My favorite: #80: "Don't Take Offense".






Sorta Awesome with Meg Tietz
This is a girlfriend type show, like just sitting around talking with some friends.  They cover all sorts of woman issues and sometimes it's just refreshing to hear about how other people do things, especially Moms further along in parenting than I am.   
My favorite: #134: "10 Secrets of Friendships Revealed".






One Great Book
A second podcast from Anne Bogel but this one is short, usually around 10 minutes.  Each week she highlights one book from her own bookshelves to talk about.  Some of them I've heard of, others I haven't.  I've only previously read one book she's talked about but I still enjoy hearing her talk about WHY she likes these books.  And at 10 minutes they are quick and enjoyable.
My favorite: #4: "Rules of Civility".




The Bible Binge 
From the team behind The Popcast - they summarize Bible stories in a similar way to how they summarize tv shows. I feel like I've actually learned a decent amount, largely about culture and the history around the stories.   
My favorite: the whole season 4 about Advent and the Nativity and #2: Noah.

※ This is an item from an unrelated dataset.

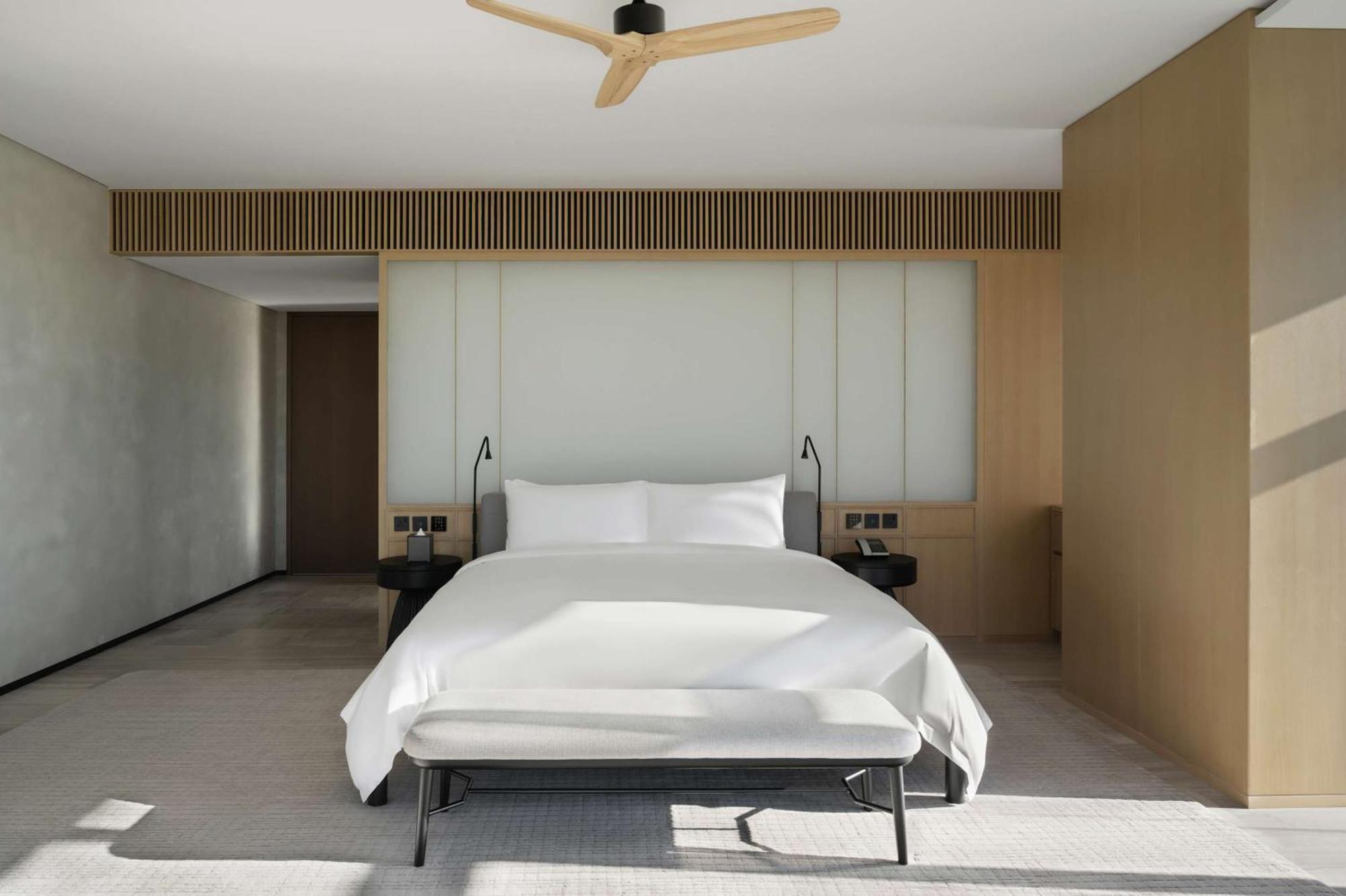 Siro One Za'Abeel Hotel Дубай Екстериор снимка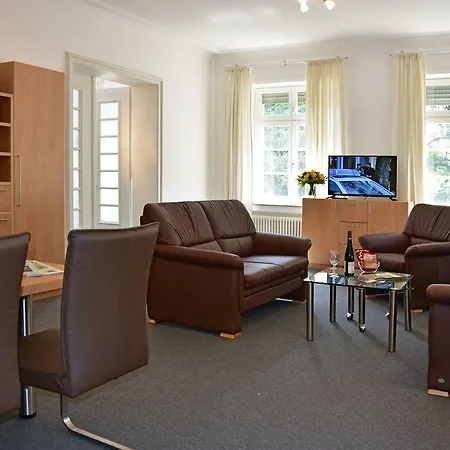 Robert-schuman-haus Hotel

WHEW.  That was a lot.  Additionally, there are more I keep in my podcast app to check the topic or interviewee of the week, and will download and listen when it interests me:


Coffee + Crumbs  (I like their "This is How We Do" series)
Simple
That Sounds Fun with Annie F. Downs
The Happy House with Jamie Ivey
For the Love with Jen Hatmaker
Read-Aloud Revival
Off Camera with Sam Jones


I've even gotten to the point of supporting a couple of these through Patreon, so I am paying to listen to them, that's how much I enjoy them.  This comes out of my allowance each month, which I am pretty stingy about, that's how serious I am!

The Popcast - Friend of the Show ($3/month)
What Should I Read Next? - paperback ($3/month)
From the Front Porch - ($1/month)

And all of those come with a couple extra bonus episodes a month, almost all of which I listen to as well.  I'm paying for it, I'm going to listen to them!

We also support Luke's favorite, Finn Caspian, at $2/month.  Which just gets us ad free episodes...when I have yet to put on the old phone Luke uses to listen to his "stories" in the tub.  I should really get on
that.

This is a lot more words than I expected to write about podcasts!  I feel I've learned a lot in all my listening and helped make a lot of mundane tasks less...mundane.  Refreshing my podcast app in the morning is one of the VERY FEW phone things I do before the school drop-off run.  It's a nice little motivator for getting out of bed and getting to working out, so I can see what I have to listen to that day.  I'm glad I started listening.

Do you listen to podcasts?  Favorites?  When do you listen?